In HEVC, each picture is divided into coding tree blocks (CTBs). A CTB is a square block and represents the root of a quadtree, i.e., the coding tree. The CTB size may range from 8×8 to 64×64 luma samples, but typically 64×64 is used. Each CTB can be further split into smaller square blocks called coding blocks (CBs). After the CTB is split recursively into CBs, each CB is further divided into prediction blocks (PBs) and transform blocks (TBs). The partitioning of the CBs into TBs is carried out recursively based on a quadtree approach. The corresponding structure, i.e. the residual quadtree (RQT), allows TB sizes from 4×4 up to 32×32 luma samples. The figure below shows an example where a CB includes 10 TBs, labeled with the letters a to j, and the corresponding block partitioning. The individual TBs are processed in alphabetical order, which follows a recursive Z-scan with depth-first traversal. The quadtree approach enables the adaptation of the transform to the varying space-frequency characteristics of the residual signal. Larger transform block sizes, which have larger spatial support, provide better frequency resolution.
The RQT is defined by three parameters: the maximum depth of the tree, the minimum allowed transform size and the maximum allowed transform size. The minimum and maximum transform sizes can vary within the range from 4×4 to 32×32 samples, which correspond to the supported block transforms mentioned in the previous section. The maximum allowed depth of the RQT restricts the number of subdivisions. A maximum depth equal to zero means that a CB cannot be split any further and thus the associated CB contains only one TB.
All these parameters interact and influence the subdivision of the RQT. Consider a case, in which the root CB size is 64×64, the maximum depth is equal to zero and the maximum transform size is equal to 32×32. In this case, the CB has to be subdivided at least once, since otherwise it would lead to a 64×64 TB, which is not allowed. The RQT parameters, i.e. maximum RQT depth, minimum and maximum transform size, are transmitted in the bitstream at the sequence parameter set level.
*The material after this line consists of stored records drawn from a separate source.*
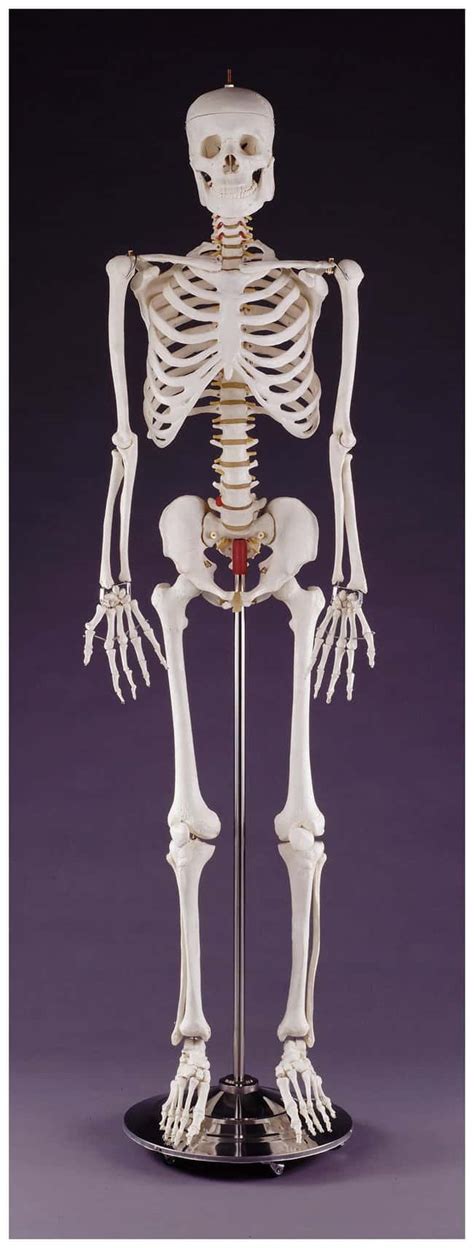 walter products budget skeleton budget skeletoneducation supplies
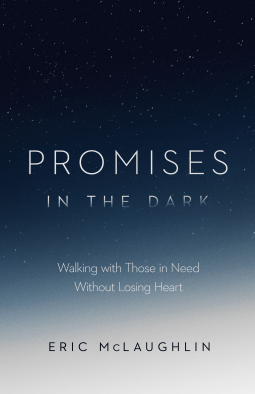 book cover for Promises in the Dark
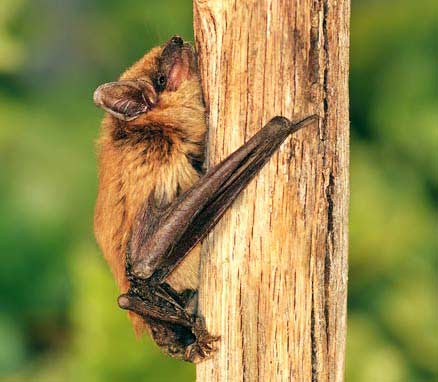 brown bat on tree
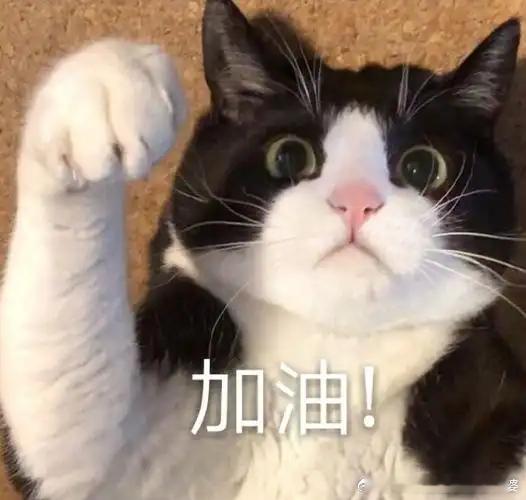 沈佳润向毛不易道歉孩子挺真诚，但是真诚是人格，专业是技术，还要打磨技术，距离专业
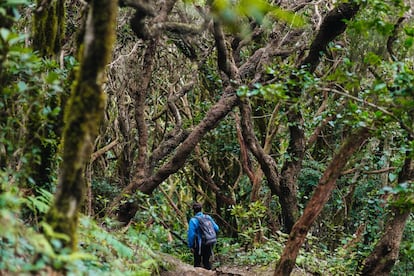 El parque natural de Anaga muestra una imagen muy distinta del Tenerife de sol y playa: humedad, exuberacia vegetal y vistas espectaculares. La zona cuenta además con una buena red de senderos donde predomina la laurisilva, y caminos costeros que pasan por zonas preciosas.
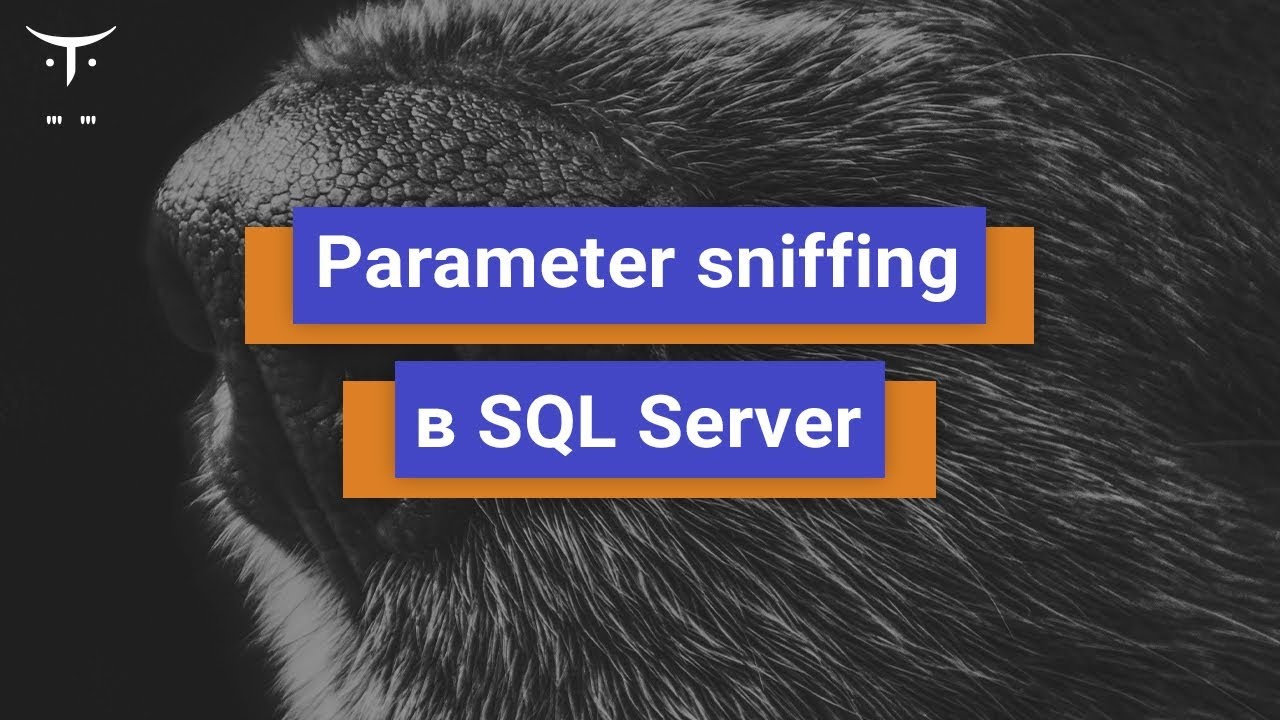 Parameter sniffing в SQL Server что это и почему возникает // Курса «MS SQL Server Developer» смотреть онлайн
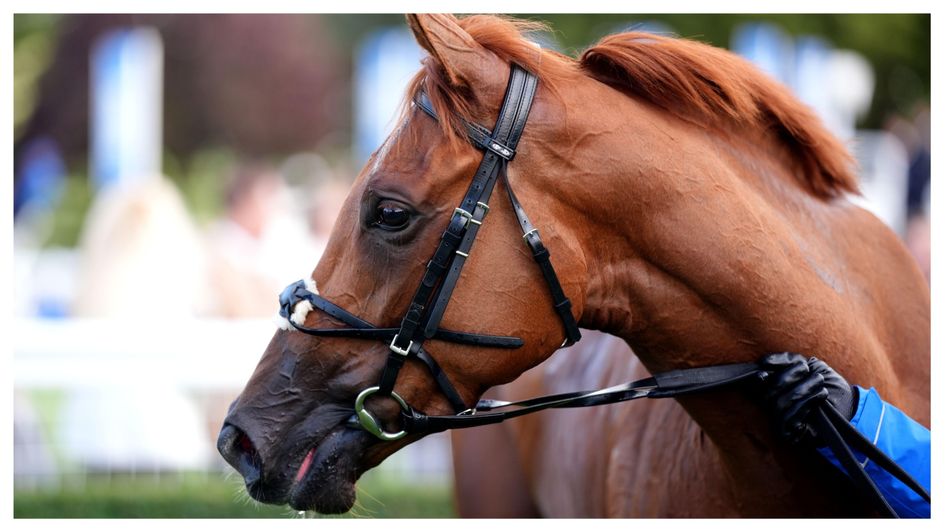 Musical Times after winning the Fillies' Mile
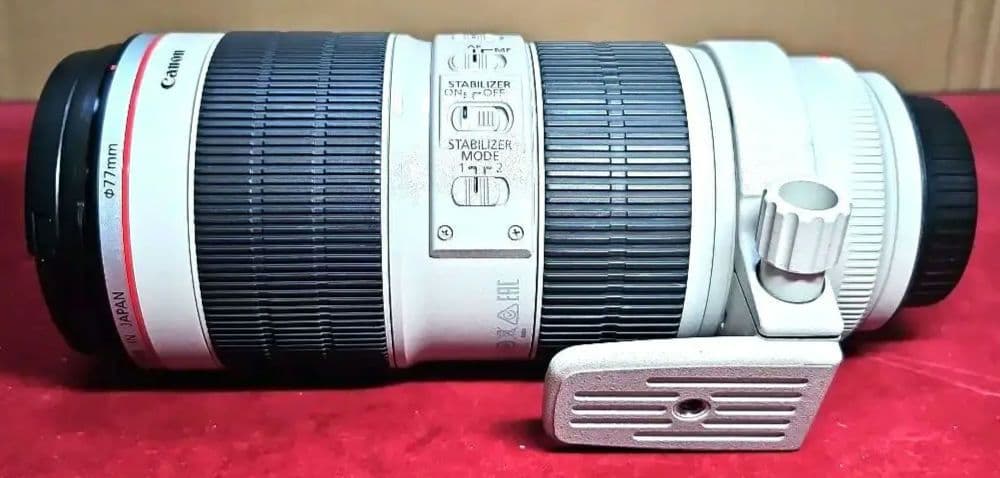 Canon ZOOM EF70-200mm F2.8 L IS Ⅱ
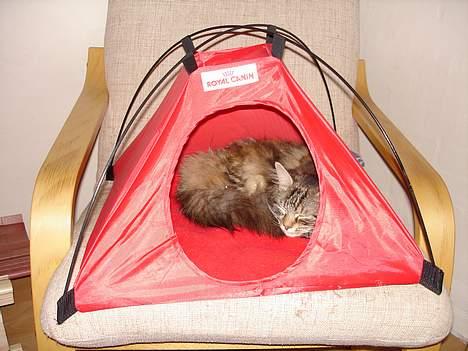 Blanding af racer Kisser *R.I.P* - Kisser er taget på telt tur.. billede 7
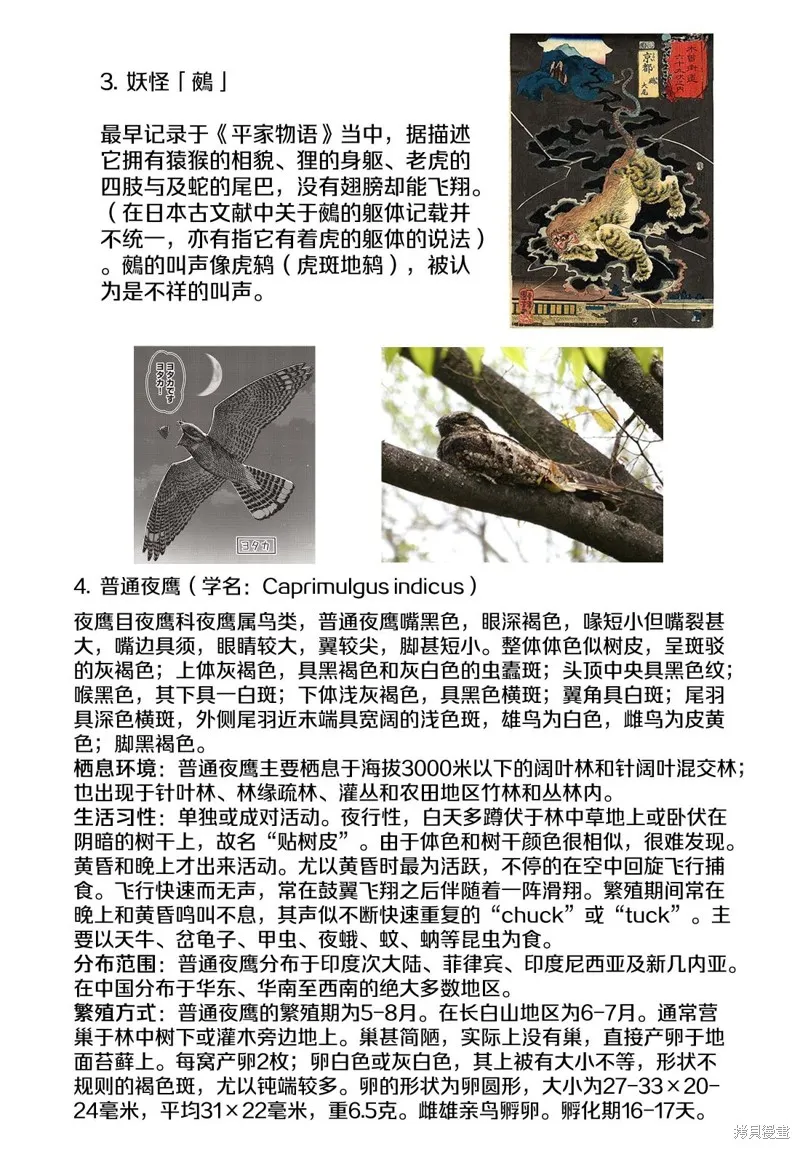 第36话 第11页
Regarding the RQT depth, different values can be specified and signaled for intra and inter coded CUs.
Fast Encoder Control
In order to determine the optimal partitioning of a CU into TUs, the encoder has to exhaustively evaluate all possible RQT structures, corresponding to all possible TU partitionings for the given CU. Since the number of possible RQT structures grows exponentially with the maximum allowed tree depth, the encoder complexity (e.g. runtime) required to obtain the optimal TU partitioning in terms of rate-distortion (RD) would be exponentially increased with increased RQT depth. This would limit application of the RQT approach in transform coding. Therefore, in addition to the exhaustive search as it is done by the HM reference encoder software, we developed a fast RQT encoder control limiting the number of possible candidates. This leads to a reduction of encoder runtime, which comes at the cost of a slightly inferior coding performance and is designed as follows.
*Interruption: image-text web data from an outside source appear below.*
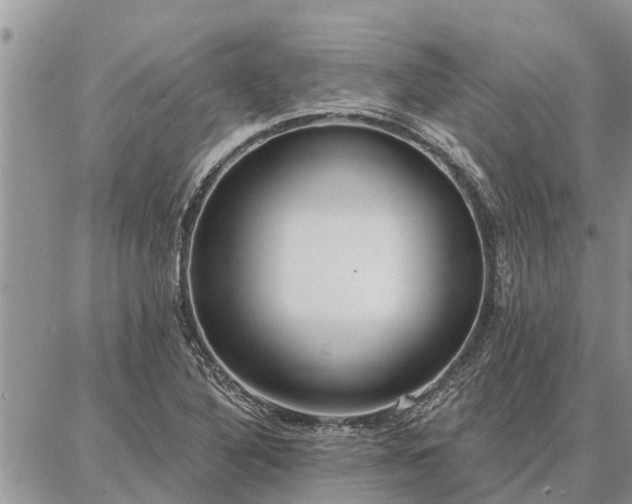 X0000086931316200704231320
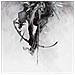 Linkin Park - The Hunting Party - Foto miniatura 1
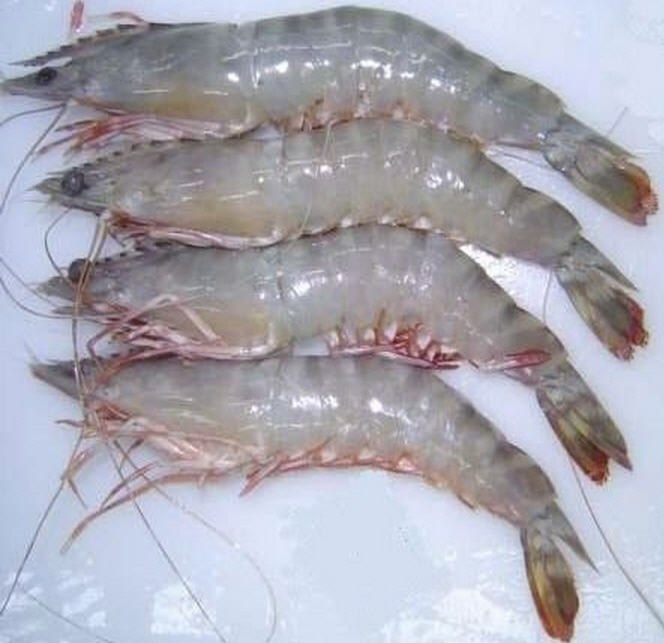 Chaka Chingri চাকা চিংড়ী - Big Size - 1Kg Pack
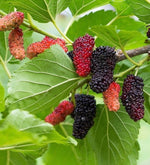 Moruša dvojodrodová - Veľkoplodá biela + Milanowek detail Milanowek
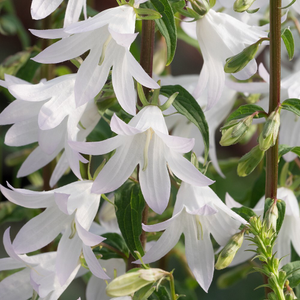 Adenophora pereskiifolia White Blaze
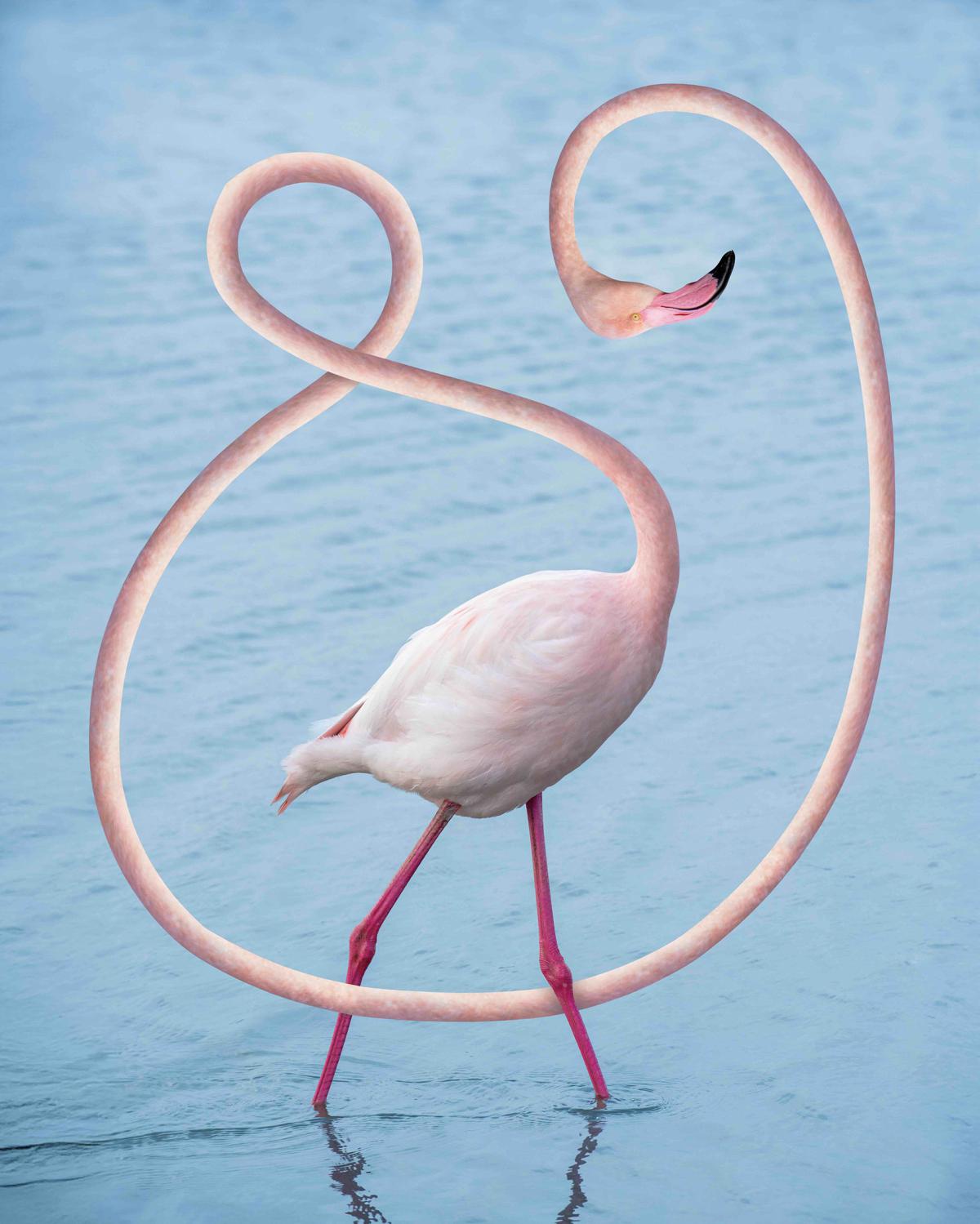A poster for imagetanz 2026 features a surreal depiction of a flamingo against a calm, light-blue water background. The flamingo’s body stands on thin pink legs in the water, while its neck is dramatically elongated and loops through the image in smooth, ribbon-like curves. The flamingo’s head appears high on the right side of the poster, gently angled downward. The distorted anatomy creates a playful yet slightly unsettling effect. The poster includes the dates “04–28.03,” the title “imagetanz 2026,” and the text “Festival for new choreography and performance.” At the bottom, the brut Wien logo and ticket information are visible.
The encoder starts at the RQT root, corresponding to the maximum possible TB size, and continues evaluation at the next RQT level, corresponding to the next smaller TB size, until either an early-termination criterion is fulfilled or the maximum allowed RQT depth is reached. For the early-termination criterion, it is checked whether all the absolute unquantized transform coefficients are below a certain threshold. If this is the case, then the evaluation stops at the current level, and smaller TB sizes are not taken into consideration. A QP-dependent threshold is used, which is higher for the smaller QP values and lower for the larger QP values, such that the reduction of encoder runtime in percentage is approximately the same for the whole QP range. For QP values below 24, the threshold is equal to 125% of the quantizer step size, 50% for QP values above 48, and for QP values in the range of 24 and 48, there is a linear transition between 50% and 125% of the quantizer step size.
- D. Marpe, H. Schwarz, S. Bosse, B. Bross, P. Helle, T. Hinz, H. Kirchhoffer, H. Lakshman, T. Nguyen, S. Oudin, M. Siekmann, K. Sühring, M. Winken, and T. Wiegand, "Video Compression Using Nested Quadtree Structures, Leaf Merging and Improved Techniques for Motion Representation and Entropy Coding," IEEE Transactions on Circuits and Systems for Video Technology, Vol. 20, No. 12, pp. 1676-1687, Dec. 2010.
- M. Winken, P. Helle, D. Marpe, H. Schwarz, and T. Wiegand, "Transform Coding in the HEVC Test Model," 18th IEEE International Conference on Image Processing (ICIP), 2011, pp. 3693 – 3696.
- M. Siekmann, H. Schwarz, B. Bross, D. Marpe, and T. Wiegand, "Fast encoder control for RQT," JCTVC-E425, Mar. 2011.